Diantara kalam beliau :

‘Faedah bertasbih itu diantaranya supaya kita kuat (yaitu) kuat sabarnya, kuat tawakkalnya, kuat redhanya, kuat mahabbahnya, kuat tenaganya. Ini rahasianya bertasbih”

“Rahmat itu adalah kasih sayang Allah. Itulah yang kita harapkan. Orang masuk sorga itu dengan apa ? Apakah dengan sebab ibadah ? Apakah dengan banyaknya pahala ? Tidak ! Demikian pula dengan Nabi Shallallahu ‘alaihi wasalam.

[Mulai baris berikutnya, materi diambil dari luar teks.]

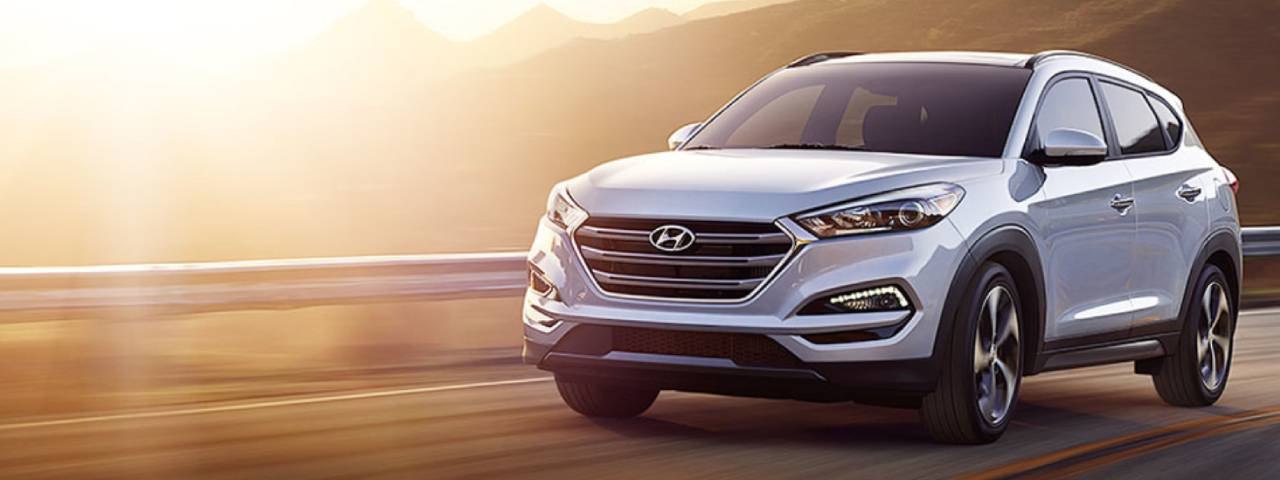 Take a Look Inside the Luxurious Hyundai Tucson 2022 Rental Car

Kata Nabi : Akupun masuk sorga dengan Rahmat Allah”. Sebab kalau karena ibadah, -- sa apa pang ibadah kita ini – sehari berapa ba –ibadah, hitung ha, sa apa pang. Itu pun mun sah jua, itu gin mun nya diterima jua. Mun kada diterima nol nilainya. Jadi yang kita andalkan (harapkan) itu adalah adanya Rahmat Tuhan”.

“Bila imam ba-do’a, aminkan. Ibarat motor (mobil), (dimana) motor itu mogok, imam tu sopir, (maka) jangan didiamkan (tapi) tonjolakan (dorong) kan motor tadi. Kalau di tonjol (didorong) mau jalan. Begitu juga dengan do’a. Ketika berdo’a, tonjolakan supaya do’a itu sampai ke hadhirat Tuhan, dengan mengaminkan”.